Task prompt:
Begin at the line with "White Wall-Mount Storage" and return each line through the final one of the listing below, exactly as written.

Supplied records:
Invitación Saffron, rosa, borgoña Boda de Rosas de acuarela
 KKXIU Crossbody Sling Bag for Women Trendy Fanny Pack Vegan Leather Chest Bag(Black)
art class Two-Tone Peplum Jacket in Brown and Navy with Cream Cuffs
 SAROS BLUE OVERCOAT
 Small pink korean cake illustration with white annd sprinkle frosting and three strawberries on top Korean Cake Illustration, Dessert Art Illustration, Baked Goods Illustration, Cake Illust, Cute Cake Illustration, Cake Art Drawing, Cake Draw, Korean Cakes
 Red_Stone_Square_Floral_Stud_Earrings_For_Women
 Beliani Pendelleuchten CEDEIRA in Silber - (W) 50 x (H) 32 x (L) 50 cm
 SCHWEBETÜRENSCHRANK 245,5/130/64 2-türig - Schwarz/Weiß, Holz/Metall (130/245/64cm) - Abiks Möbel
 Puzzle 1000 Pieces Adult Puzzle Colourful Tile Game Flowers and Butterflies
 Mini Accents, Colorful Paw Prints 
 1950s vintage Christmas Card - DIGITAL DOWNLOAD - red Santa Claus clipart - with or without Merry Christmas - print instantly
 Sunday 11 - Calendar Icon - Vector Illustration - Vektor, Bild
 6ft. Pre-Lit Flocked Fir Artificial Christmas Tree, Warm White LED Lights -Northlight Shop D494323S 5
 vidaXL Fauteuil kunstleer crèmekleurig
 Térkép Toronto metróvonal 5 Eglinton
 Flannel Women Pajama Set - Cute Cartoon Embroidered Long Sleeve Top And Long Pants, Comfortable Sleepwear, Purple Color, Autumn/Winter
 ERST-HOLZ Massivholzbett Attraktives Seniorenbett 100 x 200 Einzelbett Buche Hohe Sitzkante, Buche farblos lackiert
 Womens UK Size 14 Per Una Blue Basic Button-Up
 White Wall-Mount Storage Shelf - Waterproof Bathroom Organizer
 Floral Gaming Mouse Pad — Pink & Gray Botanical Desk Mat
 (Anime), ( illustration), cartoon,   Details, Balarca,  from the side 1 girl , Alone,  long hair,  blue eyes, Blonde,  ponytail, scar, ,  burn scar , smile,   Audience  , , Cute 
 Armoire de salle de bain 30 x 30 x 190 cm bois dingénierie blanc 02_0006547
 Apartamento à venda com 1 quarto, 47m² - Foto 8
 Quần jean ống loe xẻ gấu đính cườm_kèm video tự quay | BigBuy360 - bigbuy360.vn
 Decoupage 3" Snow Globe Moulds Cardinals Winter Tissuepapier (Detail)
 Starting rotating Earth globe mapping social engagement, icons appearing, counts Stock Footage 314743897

Answer:
 White Wall-Mount Storage Shelf - Waterproof Bathroom Organizer
 Floral Gaming Mouse Pad — Pink & Gray Botanical Desk Mat
 (Anime), ( illustration), cartoon,   Details, Balarca,  from the side 1 girl , Alone,  long hair,  blue eyes, Blonde,  ponytail, scar, ,  burn scar , smile,   Audience  , , Cute 
 Armoire de salle de bain 30 x 30 x 190 cm bois dingénierie blanc 02_0006547
 Apartamento à venda com 1 quarto, 47m² - Foto 8
 Quần jean ống loe xẻ gấu đính cườm_kèm video tự quay | BigBuy360 - bigbuy360.vn
 Decoupage 3" Snow Globe Moulds Cardinals Winter Tissuepapier (Detail)
 Starting rotating Earth globe mapping social engagement, icons appearing, counts Stock Footage 314743897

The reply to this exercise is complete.